EDMONTON - Are you a hockey snob?
You might not think so, but the facts suggest you are. You are more likely an NHL fan than a hockey fan. When was the last time you watched a game, other than the NHL, that didn’t involve a family member?
My first hockey hero wasn’t an NHL player, it was Bernie O’Dwyer. He was a dynamic scorer with a bit of a temper. I’d met him a few times, and he even played road hockey with us at our farm once. For a young, impressionable six-year-old, he was the greatest player I’d seen. He played midget in New Sarepta.
In Tom Thumb and Mighty-mite (it is called novice today) I played on the same rink as O’Dwyer, and I wanted to be like just like him. I found the hockey incredibly exciting. I loved watching it live and sitting front row much more than I did watching the NHL on TV.
I thought going to the Omni-plex in New Sarepta, or watching the odd road game in Ardrossan or Leduc, was big-time. When we moved to Leduc, I remember watching the Stingers. There’d be 1,000-plus people jammed into the rink, and the atmosphere was incredible.
Now it’s a business
Twenty years later, we seem to have lost our passion for enjoying the game. It’s become a business.
For some, if you don’t make the NHL you are deemed a failure as a player. News flash — if you feel this way, then your brother, son, nephew or grandson is going to be a failure.
I’d bet every hockey parent $100 and give them 100-1 odds that their son won’t play 10 games in the NHL. I’d never have to work again.

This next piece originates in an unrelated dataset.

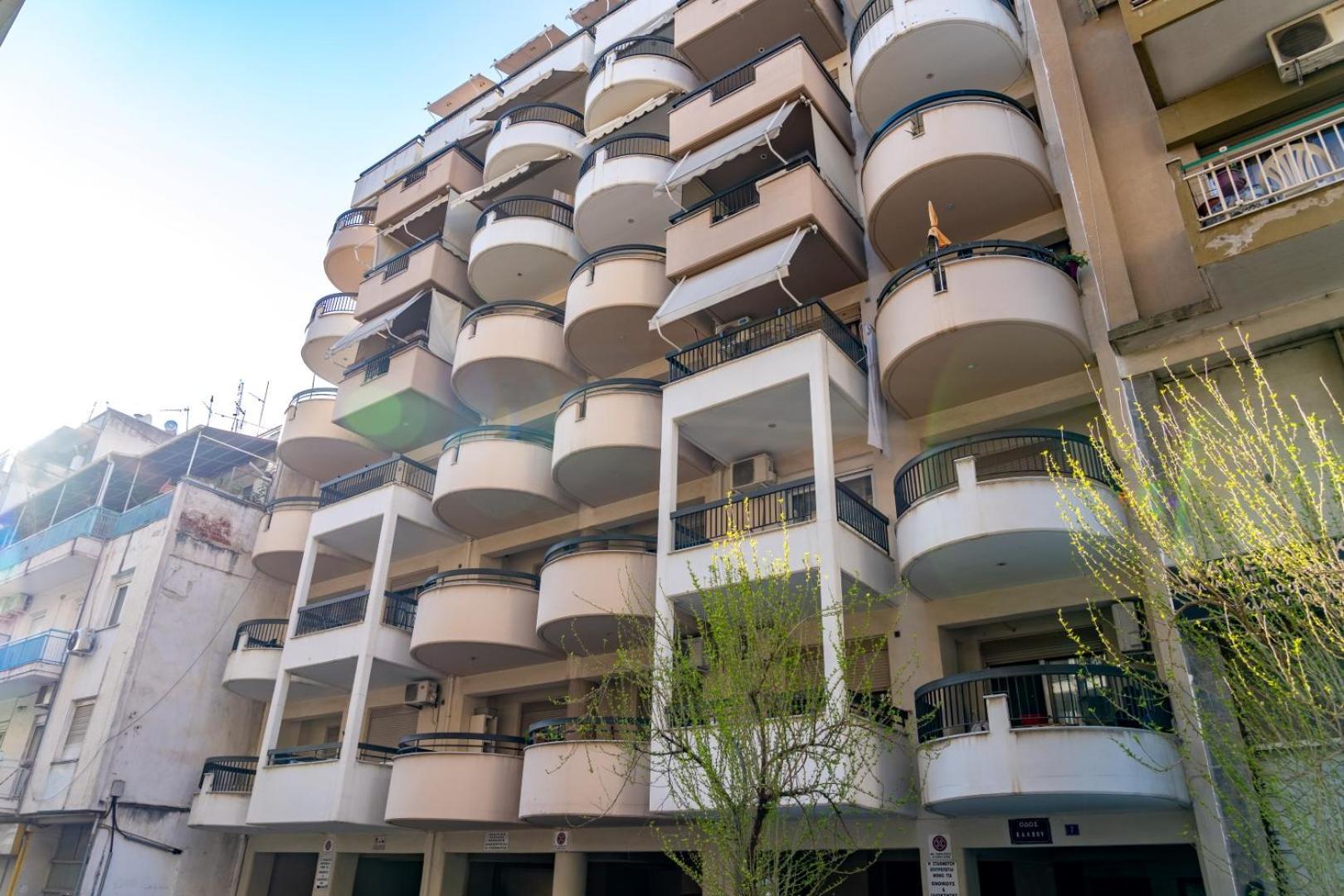 Kosmos Sercvice Apartment Beautiful Studio 2 With Additional Cost Parking Salonicco Esterno foto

It’s easy money, because the reality for 99.9% of you is that your son won’t play in the NHL. The NHL shouldn’t be the only focus on why we play.
I’m not against having goals and dreams, but for most hockey families today the end goal is unrealistic. Wouldn’t landing an education via hockey be more prudent? Or enjoying the game and learning some incredible life lessons along the way? That doesn’t mean you stop focusing on the NHL, it just means that we recognize and enjoy the journey at the same time.
The culture of hockey needs to change. We need to start re-introducing kids to hockey outside of the NHL.
Look at the culture of football in the United States.
They support high school, college and the NFL. Kids grow up wanting to make the local high school team, and then, hopefully, get a college scholarship and, ultimately, make the NFL. The entire community supports the high school team, not just the family and friends of the current roster.
The school spirit for college football is incredible. The school spirit at CIS and ACAC hockey games in Canada is virtually non-existent. Of course, the institutions need to do a better job of making each game an event, but many hockey fans need to alter their elitist attitude towards our beloved game.
The statement, “I can’t afford to take my daughter or son to a hockey game,” isn’t true. You likely can’t afford the over-priced NHL more than once a year, but you can afford the AJHL, ACAC, CIS, WHL or midget and bantam AAA.
Why don’t you support amateur hockey?
For the second time in eight years your NHL has turned its back on you. You haven’t been able to get your hockey fix, yet some refuse to venture out to the local rink and watch the Edmonton Oil Kings, Sherwood Park Crusaders, Spruce Grove Saints, Camrose Kodiaks, Beaumont Chiefs, NAIT Ooks or any of the teams that are actually playing.
Why not? Is that hockey beneath you?
I believe the allure of making millions of dollars in the Show has changed how we view hockey. No longer is it just about fun. We tier seven-year-olds for goodness sake. Novice teams used to be split up between a combination of strong and weak players. And usually by the end of the season, the weaker players had improved because they had the opportunity to play with better kids.
Today, too many parents and hockey associations believe “little Johnny’s” road to the NHL begins when he’s seven.
If making the NHL is truly his goal, and not yours, take him to a junior game. Let him sit up close and embrace the speed and skill of the game. Allow him to experience the steps he’ll need to climb if wants to obtain his NHL dream.
Take advantage of the lockout and enjoy grassroots hockey. Your son might discover that aspiring to be the next O’Dwyer is just as satisfying as wanting to be the next Taylor Hall.